How this change can be achieved, however, is unclear. Our health service needs to be better funded, although the government has warned that little money is likely to be made available for such a monumental transformation. Most of the reforms needed to save the NHS will have to come from within, ministers have stressed. In other words, internal innovation and improved use of existing resources will be central to ensuring that British people receive the right medical care for decades to come.
It’s a daunting task, but such resources are not entirely absent from the NHS. The data it generates every day is a key example. Every time someone visits a GP, is prescribed a drug, goes to the A&E, has a scan, a blood test or a hip replacement, they are generating data. And given that the four countries of the UK have a combined population of 67 million people using the NHS from cradle to grave, this generates a pool of medical information that is unique in its size, detail and diversity.
If organised properly, such a vast database has enormous potential for exploring new treatments, diagnostics and medicines. A process that would make the NHS more efficient could also generate billions by supporting clinical trials and boosting drug development. Unfortunately, this vast repository of medical information is not easily accessible because it is stored in individual silos – hospital by hospital, GP practice by GP practice – with little data made available to central organisations.

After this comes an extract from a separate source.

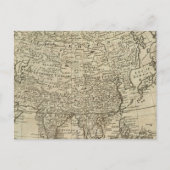 Kaart van Azië (Voorkant)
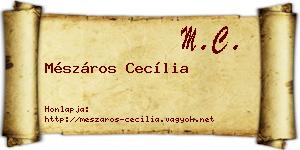 Mészáros Cecília névjegykártya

Clinical computer systems are slow, unreliable and terribly user-unfriendly, making it almost impossible to understand care patterns or conduct research, said Martin Landray, co-founder of the UK Recovery programme, which has saved thousands of lives during the Covid pandemic. “It’s deeply frustrating to see how far behind the NHS is in areas like personal banking, commerce and the entertainment industry,” he said last week.
Landray’s point is well made, and suggests a clear path for improvement: by reforming the way the health service handles its computer data. However, the NHS’s installation of IT systems has not had a good track record over the past decade, with dozens of cases highlighting failures to ensure that digital data is shared properly. Moreover, such technological reforms would have to come at a time when the NHS has 7.6 million people waiting for routine hospital treatment, compared with 2.4 million in 2010. Reducing the colossal backlog is a top priority. Finding time to reboot its computer systems at the same time will not be easy.
Yet the NHS’s work will improve if data is shared more quickly and effectively. This was evident during the COVID lockdown, when special measures facilitated the flow of data between centres and strengthened the country’s medical response to the pandemic.
Britain has squandered that lead. By unlocking the country’s goldmine of medical data, the NHS could anchor research at its core and set up clinical trials that are vital to the development of new medicines in this country. It would allow our clinicians to contribute to the discovery of new treatments rather than struggling with a public health crisis while hoping that effective treatments might emerge elsewhere.